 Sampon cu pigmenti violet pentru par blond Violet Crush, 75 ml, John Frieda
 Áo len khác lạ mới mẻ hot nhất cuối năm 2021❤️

——————————

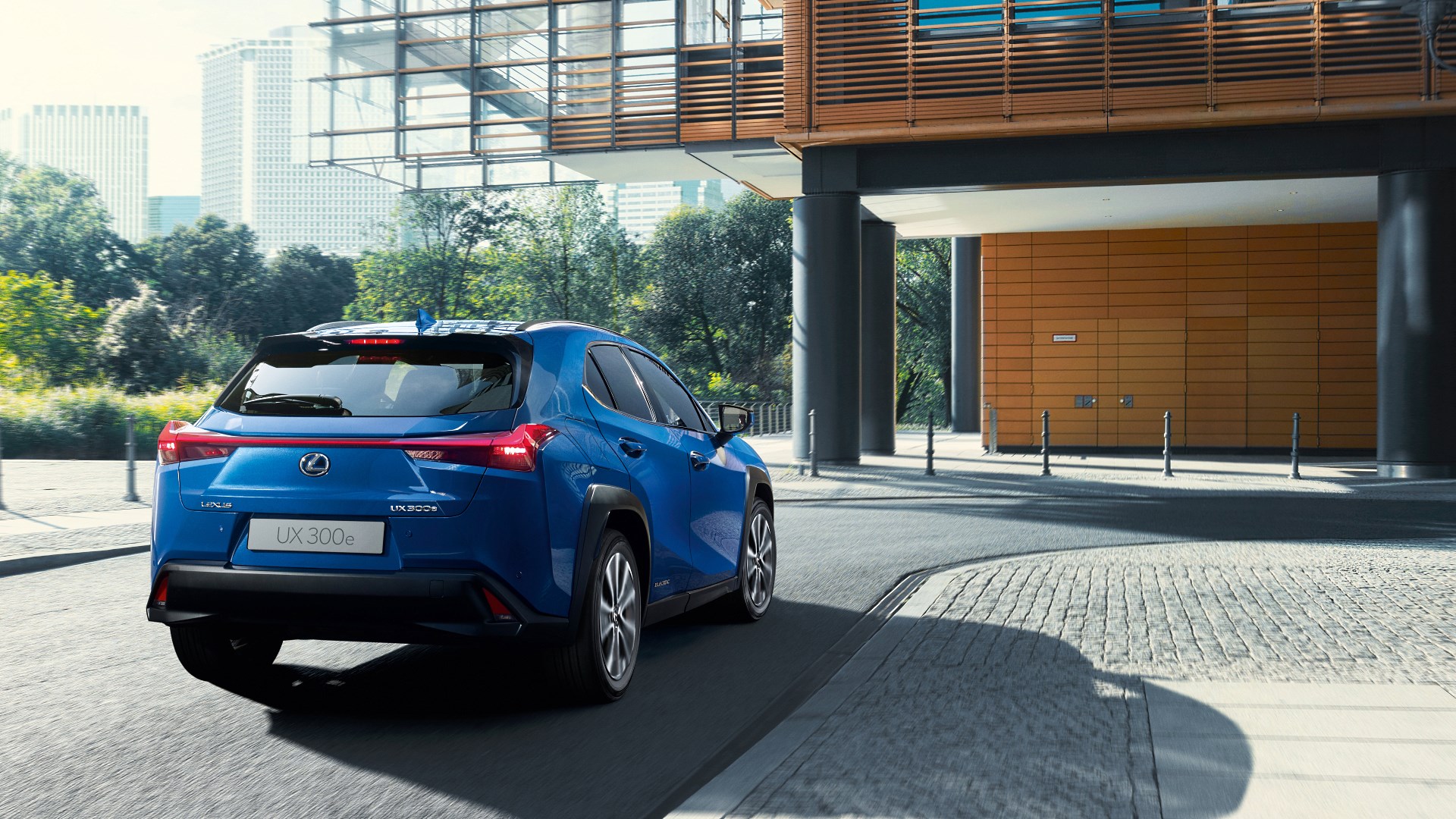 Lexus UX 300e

——————————

### TASK ITEM
The listing above holds a line with "Sampon cu pigmenti" and a line with "Áo len khác". Print the stretch from the first through the second, exactly and alone.

### RESPONSE
 Sampon cu pigmenti violet pentru par blond Violet Crush, 75 ml, John Frieda
 Áo len khác lạ mới mẻ hot nhất cuối năm 2021❤️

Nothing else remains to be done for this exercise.